WORK REQUEST: Every entry should be copied exactly, with nothing added or dropped.

RECORDS FOR THIS EXERCISE START

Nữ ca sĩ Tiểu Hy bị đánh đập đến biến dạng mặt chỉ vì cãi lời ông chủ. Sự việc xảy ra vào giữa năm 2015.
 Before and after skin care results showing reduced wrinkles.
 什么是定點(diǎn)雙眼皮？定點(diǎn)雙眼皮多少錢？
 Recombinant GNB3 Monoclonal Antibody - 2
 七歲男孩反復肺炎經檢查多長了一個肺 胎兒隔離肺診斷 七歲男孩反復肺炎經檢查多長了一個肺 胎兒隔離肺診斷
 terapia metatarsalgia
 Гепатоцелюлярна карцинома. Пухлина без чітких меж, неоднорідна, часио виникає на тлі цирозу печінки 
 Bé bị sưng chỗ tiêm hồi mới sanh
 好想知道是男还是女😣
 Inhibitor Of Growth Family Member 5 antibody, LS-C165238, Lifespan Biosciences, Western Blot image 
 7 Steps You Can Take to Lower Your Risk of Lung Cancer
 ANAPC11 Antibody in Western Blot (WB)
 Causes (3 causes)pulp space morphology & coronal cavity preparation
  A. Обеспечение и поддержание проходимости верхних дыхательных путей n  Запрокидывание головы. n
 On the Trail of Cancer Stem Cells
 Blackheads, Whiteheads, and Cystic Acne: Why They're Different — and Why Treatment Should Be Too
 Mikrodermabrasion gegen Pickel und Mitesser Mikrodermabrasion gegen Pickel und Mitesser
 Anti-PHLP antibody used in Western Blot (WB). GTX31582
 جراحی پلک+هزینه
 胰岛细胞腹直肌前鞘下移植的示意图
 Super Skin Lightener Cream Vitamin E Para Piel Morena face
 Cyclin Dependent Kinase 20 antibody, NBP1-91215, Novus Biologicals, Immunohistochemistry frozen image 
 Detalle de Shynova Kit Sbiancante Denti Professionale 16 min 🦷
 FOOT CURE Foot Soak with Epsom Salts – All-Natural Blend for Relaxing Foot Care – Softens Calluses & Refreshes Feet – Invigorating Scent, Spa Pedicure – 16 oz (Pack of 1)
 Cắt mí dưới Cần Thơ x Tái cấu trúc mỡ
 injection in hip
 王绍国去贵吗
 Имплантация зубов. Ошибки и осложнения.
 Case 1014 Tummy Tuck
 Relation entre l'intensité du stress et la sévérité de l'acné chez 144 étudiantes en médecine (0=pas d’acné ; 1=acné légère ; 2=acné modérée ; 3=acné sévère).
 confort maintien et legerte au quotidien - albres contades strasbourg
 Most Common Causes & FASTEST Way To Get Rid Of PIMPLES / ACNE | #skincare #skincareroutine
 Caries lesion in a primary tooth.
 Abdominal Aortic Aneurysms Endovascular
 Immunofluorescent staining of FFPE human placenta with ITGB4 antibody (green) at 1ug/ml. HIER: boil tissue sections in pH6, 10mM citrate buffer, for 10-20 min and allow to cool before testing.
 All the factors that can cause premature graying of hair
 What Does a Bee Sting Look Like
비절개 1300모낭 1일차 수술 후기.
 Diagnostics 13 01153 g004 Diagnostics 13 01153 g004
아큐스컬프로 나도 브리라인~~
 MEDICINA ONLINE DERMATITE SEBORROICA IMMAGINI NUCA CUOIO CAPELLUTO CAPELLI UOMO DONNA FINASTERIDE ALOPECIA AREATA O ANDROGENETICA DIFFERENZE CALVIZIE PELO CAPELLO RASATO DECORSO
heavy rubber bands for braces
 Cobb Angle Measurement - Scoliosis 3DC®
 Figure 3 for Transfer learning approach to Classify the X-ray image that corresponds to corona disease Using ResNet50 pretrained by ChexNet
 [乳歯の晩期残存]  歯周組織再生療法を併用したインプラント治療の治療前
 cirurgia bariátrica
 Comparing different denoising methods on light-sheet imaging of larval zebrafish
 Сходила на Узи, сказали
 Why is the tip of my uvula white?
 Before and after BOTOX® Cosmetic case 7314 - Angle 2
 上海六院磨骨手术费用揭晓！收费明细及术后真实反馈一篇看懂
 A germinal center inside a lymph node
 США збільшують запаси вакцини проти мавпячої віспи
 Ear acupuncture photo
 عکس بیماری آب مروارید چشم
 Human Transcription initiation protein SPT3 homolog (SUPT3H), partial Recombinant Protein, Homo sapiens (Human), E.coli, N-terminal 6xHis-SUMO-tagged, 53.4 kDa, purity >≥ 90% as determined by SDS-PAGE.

RECORDS FOR THIS EXERCISE END

FINAL ANSWER:
Nữ ca sĩ Tiểu Hy bị đánh đập đến biến dạng mặt chỉ vì cãi lời ông chủ. Sự việc xảy ra vào giữa năm 2015.
 Before and after skin care results showing reduced wrinkles.
 什么是定點(diǎn)雙眼皮？定點(diǎn)雙眼皮多少錢？
 Recombinant GNB3 Monoclonal Antibody - 2
 七歲男孩反復肺炎經檢查多長了一個肺 胎兒隔離肺診斷 七歲男孩反復肺炎經檢查多長了一個肺 胎兒隔離肺診斷
 terapia metatarsalgia
 Гепатоцелюлярна карцинома. Пухлина без чітких меж, неоднорідна, часио виникає на тлі цирозу печінки 
 Bé bị sưng chỗ tiêm hồi mới sanh
 好想知道是男还是女😣
 Inhibitor Of Growth Family Member 5 antibody, LS-C165238, Lifespan Biosciences, Western Blot image 
 7 Steps You Can Take to Lower Your Risk of Lung Cancer
 ANAPC11 Antibody in Western Blot (WB)
 Causes (3 causes)pulp space morphology & coronal cavity preparation
  A. Обеспечение и поддержание проходимости верхних дыхательных путей n  Запрокидывание головы. n
 On the Trail of Cancer Stem Cells
 Blackheads, Whiteheads, and Cystic Acne: Why They're Different — and Why Treatment Should Be Too
 Mikrodermabrasion gegen Pickel und Mitesser Mikrodermabrasion gegen Pickel und Mitesser
 Anti-PHLP antibody used in Western Blot (WB). GTX31582
 جراحی پلک+هزینه
 胰岛细胞腹直肌前鞘下移植的示意图
 Super Skin Lightener Cream Vitamin E Para Piel Morena face
 Cyclin Dependent Kinase 20 antibody, NBP1-91215, Novus Biologicals, Immunohistochemistry frozen image 
 Detalle de Shynova Kit Sbiancante Denti Professionale 16 min 🦷
 FOOT CURE Foot Soak with Epsom Salts – All-Natural Blend for Relaxing Foot Care – Softens Calluses & Refreshes Feet – Invigorating Scent, Spa Pedicure – 16 oz (Pack of 1)
 Cắt mí dưới Cần Thơ x Tái cấu trúc mỡ
 injection in hip
 王绍国去贵吗
 Имплантация зубов. Ошибки и осложнения.
 Case 1014 Tummy Tuck
 Relation entre l'intensité du stress et la sévérité de l'acné chez 144 étudiantes en médecine (0=pas d’acné ; 1=acné légère ; 2=acné modérée ; 3=acné sévère).
 confort maintien et legerte au quotidien - albres contades strasbourg
 Most Common Causes & FASTEST Way To Get Rid Of PIMPLES / ACNE | #skincare #skincareroutine
 Caries lesion in a primary tooth.
 Abdominal Aortic Aneurysms Endovascular
 Immunofluorescent staining of FFPE human placenta with ITGB4 antibody (green) at 1ug/ml. HIER: boil tissue sections in pH6, 10mM citrate buffer, for 10-20 min and allow to cool before testing.
 All the factors that can cause premature graying of hair
 What Does a Bee Sting Look Like
비절개 1300모낭 1일차 수술 후기.
 Diagnostics 13 01153 g004 Diagnostics 13 01153 g004
아큐스컬프로 나도 브리라인~~
 MEDICINA ONLINE DERMATITE SEBORROICA IMMAGINI NUCA CUOIO CAPELLUTO CAPELLI UOMO DONNA FINASTERIDE ALOPECIA AREATA O ANDROGENETICA DIFFERENZE CALVIZIE PELO CAPELLO RASATO DECORSO
heavy rubber bands for braces
 Cobb Angle Measurement - Scoliosis 3DC®
 Figure 3 for Transfer learning approach to Classify the X-ray image that corresponds to corona disease Using ResNet50 pretrained by ChexNet
 [乳歯の晩期残存]  歯周組織再生療法を併用したインプラント治療の治療前
 cirurgia bariátrica
 Comparing different denoising methods on light-sheet imaging of larval zebrafish
 Сходила на Узи, сказали
 Why is the tip of my uvula white?
 Before and after BOTOX® Cosmetic case 7314 - Angle 2
 上海六院磨骨手术费用揭晓！收费明细及术后真实反馈一篇看懂
 A germinal center inside a lymph node
 США збільшують запаси вакцини проти мавпячої віспи
 Ear acupuncture photo
 عکس بیماری آب مروارید چشم
 Human Transcription initiation protein SPT3 homolog (SUPT3H), partial Recombinant Protein, Homo sapiens (Human), E.coli, N-terminal 6xHis-SUMO-tagged, 53.4 kDa, purity >≥ 90% as determined by SDS-PAGE.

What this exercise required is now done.